Identifying anonymous users

Question

If I had a poll on my site, and I didn't want to require a registration to vote, but I only wanted each visit one, how might I do this?

Let's say a visitor from IP 123.34.243.57 visits the site and votes. Would it then be safe to disallow anyone from 123.34.243.* from voting? Is this a good strategy?

What's another one?

Answer 1

This is a fundamental challenge with all voting sites on the Internet, and you're just breaking the surface of the problem.

The way you've phrased it, you "only want to allow each visit one [vote]" indicates that you want to allow them to vote once each time they open their browser and go to the site. I don't think this is really what you seek.

I suspect what you want is that a given individual Person can vote only once ever (per survey, maybe).

The problem is, once you've framed the question properly, the problem becomes much more clear. You're not trying to identify an Internet node (IP address), visit (session cookie), browser instance (persistent cookie), or computer (difficult also to identify).

You can use techniques with Cookies, and they were suitably for a typical user. Subverting this technique is as easy as - Clearing your cookies in the browser, - Disallowing cookies in the browser, - Opening another browser, - Walking to another computer, - Using an anonimizer, - ... endless other ways.

You can do validation by e-mail address, but you indicated you don't want to do registration, so I don't believe that solves you problem either.

If you really need to identify a unique user for a voting system, you'll need to have some authority who's willing to vouch for the identity of any given user, or only allow the software to be accessed from a trusted platform.

The first technique requires registration (and often a costly and time-consuming registration at that), that verifies the actual legal name and location of the individual. Then, using Public Key Infrastructure (aka Digital Certificates), you can identify an individual person based on the credentials he supplies.

The second technique, requiring a trusted platform, relies on the hardware following certain pre-determined behavior. You could, for example, create a voting site that works through the XBox 360 or iPhone. You would create an app that is installed to one of those devices. Based on the way the platform is protected, you could use uniqueness characteristics, such as the hardware address or Live ID on the XBox 360 or the hardware address or telephone number on the iPhone, to get general assurance that the user is the same one who has visited before. Because you have control over the application and the user specifically does not, due to the nature of the trusted platform, you have reasonable assurance that most users will not be able to subvert the intent of the application.
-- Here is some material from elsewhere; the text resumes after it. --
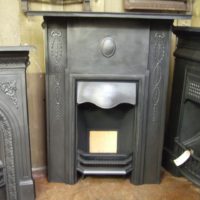 257MC - Edwardian Cast Iron Fireplace - Edinburgh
I suspect this is a long-winded way of saying you can do it, but it's a far from easy problem to solve.

Consider political elections and how much resources and energy goes into making those fair and anonymous, and still it's a very challenging problem.

Answer 2

Using the public IP for this would probably be a bad idea. Unique visitors from the same corporate LAN would all look like one user if you use this approach.

Perhaps cookies? I believe that is what most sites use.

Combine with some sort of monitoring, automatic or manually (for instance log file analysis). Be suspicious of traffic patterns that indicate a script.